Not too long ago, freelancing was almost unheard of in the UAE. Most people had comfortable jobs in the corporate sector, and even if they’d wanted to freelance, regulations made it tricky (especially if they were expats). In the last few years though, things have changed dramatically.
Regulations are more relaxed, making it much easier for people to set themselves up as freelancers. At the same time, companies are increasingly open to using freelancers as they look to avoid the costs of bringing on someone full-time.
In this article, we’ll unpack those trends, as well as a few others, and explore what it means for freelancers in the UAE.
Hiring is on the rise
There is absolutely no doubt that freelancing is on the rise in the UAE. But just how much growth has the space seen? Well, things may have slowed down a little since 2013, when the UAE was one of the fastest growing markets on freelancing platform eLance, but there are still signs of positive growth.

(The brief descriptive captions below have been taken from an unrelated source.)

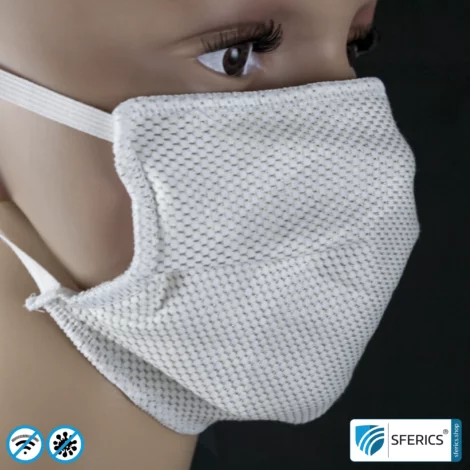 ANTIWAVE MNP protective mask for mouth and nose | shielding fabric with silver for an antibacterial effect through silver ions | 3x maximum hygiene, effectiveness and comfort
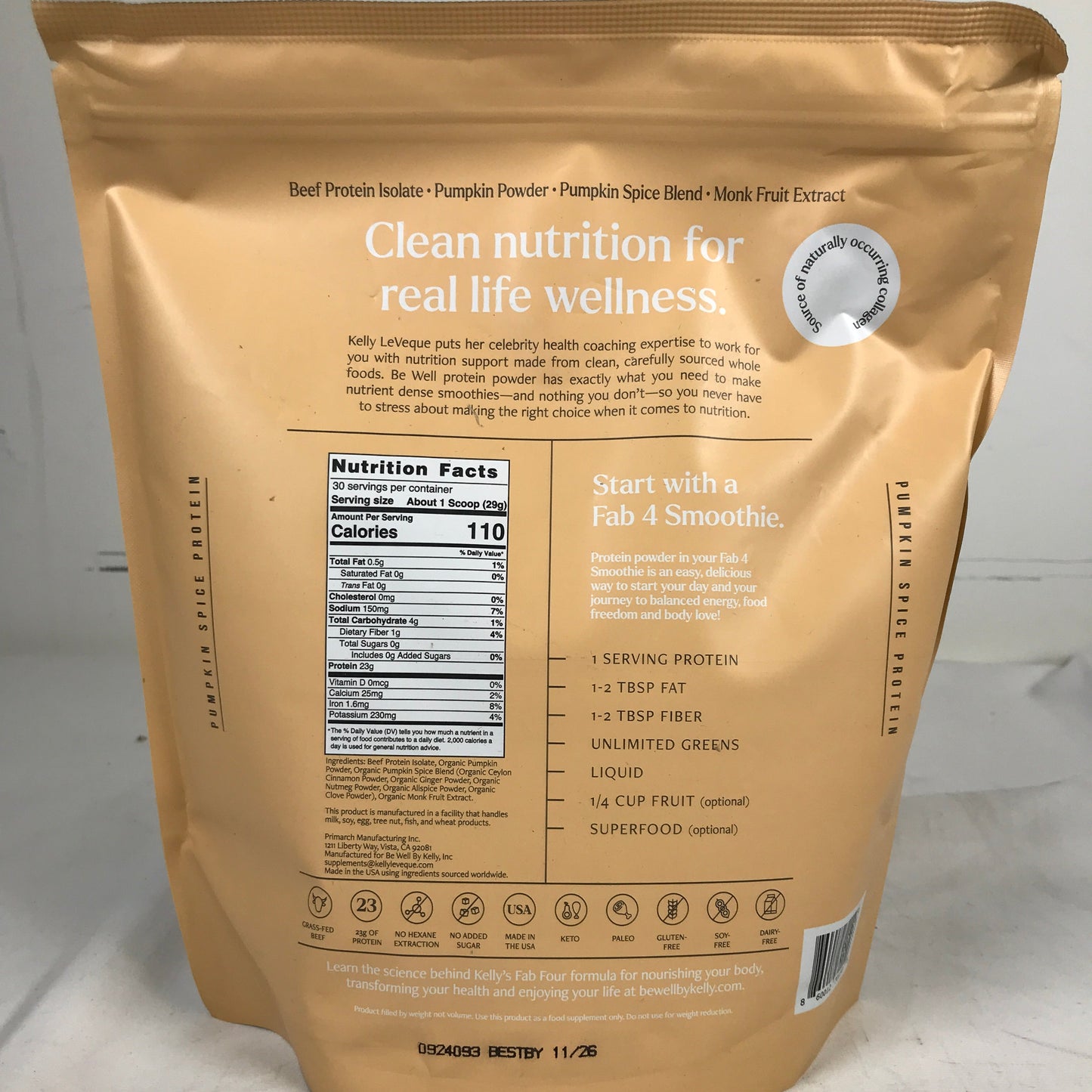 Be Well by Kelly Leveque Pumpkin Spice Grass-Fed Beef Protein Powder 1.59lb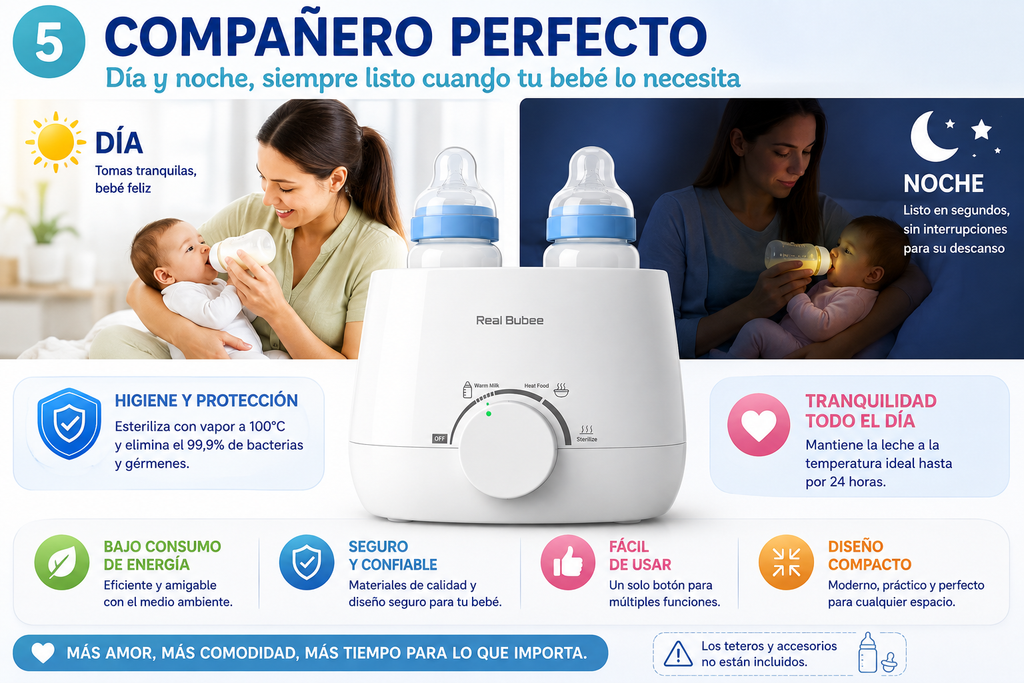 Esterilizador y Calentador Inteligente de Teteros para Bebé | Elimina Bacterias con Vapor y Calienta la Leche en Minutos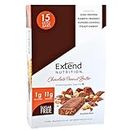 Extend Nutrition Sugar Free Keto Bars, Perfect Diabetic Snacks for Adults and Kids, High Protein Bars for Hunger Control & Steady Energy, Low Carb, Keto Friendly, Chocolate Peanut Butter, 15 Count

Numbers aren’t particularly easy to come by, but there’s plenty of anecdotal evidence to suggest that companies of all sizes are increasingly turning to freelancers to make up for any skills gaps they might have.
“A lot of large and medium-size companies are currently experiencing hiring freezes but they still need to get the work done,” Loulou Khazen Baz, founder of freelancing portal Nabbesh told The National in 2016. “A way around this problem is by hiring freelancers as they usually come out of a different budget to normal staffing costs.”
Competition is increasing
While there are more opportunities than ever for freelancers in the UAE, there are also more freelancers than ever looking to take advantage of those opportunities.
While figures are, again, tough to come by, it’s instructive that a site like Nabbesh has more than 100 000 registered users. Admittedly, the site does serve the entire Middle East and North Africa region, but as the region’s economic powerhouse, the UAE is the natural locus of most of that competition.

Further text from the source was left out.